SIMINA NEAGU
23 AUGUST: AN ARCHIVAL DIVE INTO COMRADESHIP AND POLITICS OF FRIENDSHIP

London-based artist, curator, and writer Simina Neagu explores the long-lasting politics of transnational friendship and solidarity that surfaced during the 4th World Festival of Youth and Students in Bucharest, Romania, in 1953.

23 August focuses on the 4th World Festival of Youth and Students that took place in Bucharest, Romania in 1953. In the spirit of recuperating a hopeful, partly utopian story of transnational solidarity for future generations, the story is told through the perspective of two activists – John La Rose, from Trinidad, and Paul Joseph, from South Africa, who forged a life-long friendship after meeting at this anti-colonial and anti-imperialist festival. The film includes archival materials from the John La Rose Estate and George Padmore Institute, fiction and a new interview with Paul Joseph and his daughter Nadia Joseph, as well as archival images from the Senate House Library.

23 August (2023)
Simina Neagu
Film, 25 minutes 24 seconds.
Film editing by Noah Angell.
Thanks to Akademie Schloss Solitude, George Padmore Institute, John La Rose Estate, Senate House Library, Paul and Nadia Joseph.
Simina Neagu, 23 August (2023), film still.
Simina Neagu, 23 August (2023), film still.

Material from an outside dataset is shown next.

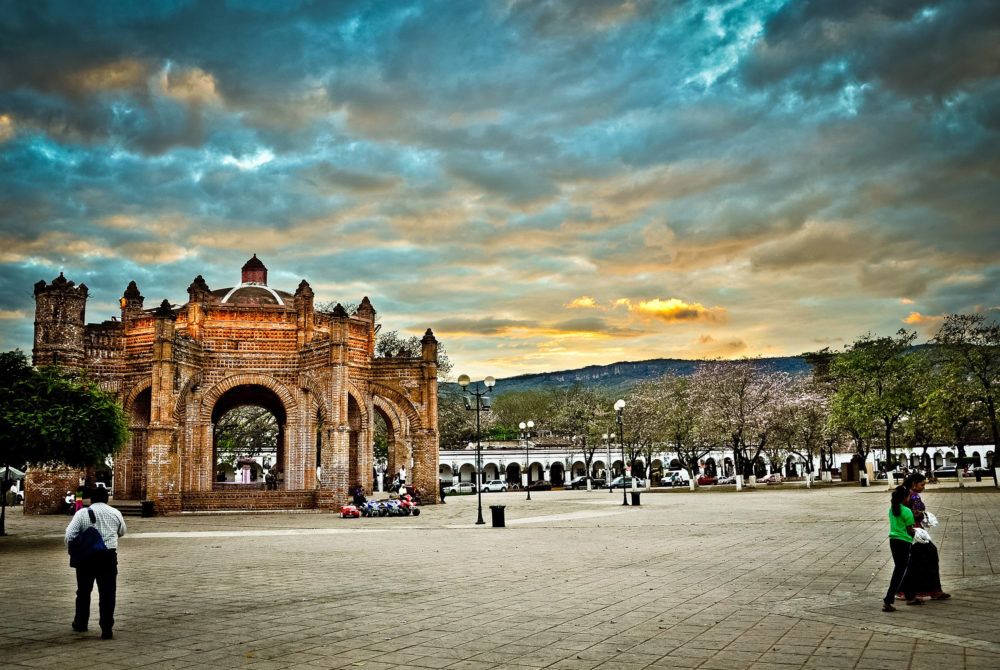 Fuente-Colonial-Chiapa-De-Corzo-1000x670 - El bonito Pueblo Mágico que alberga una maravilla natural, hermosas casas y deliciosa cocina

Simina Neagu (b. Romania) is an artist, curator and writer based in London. She works primarily with text that takes the shape of digital works, publications, events, exhibitions, installations and more recently, moving image work. Often informed by her own experience of migration, her projects have explored structures, collectivity and multiple, overlooked histories.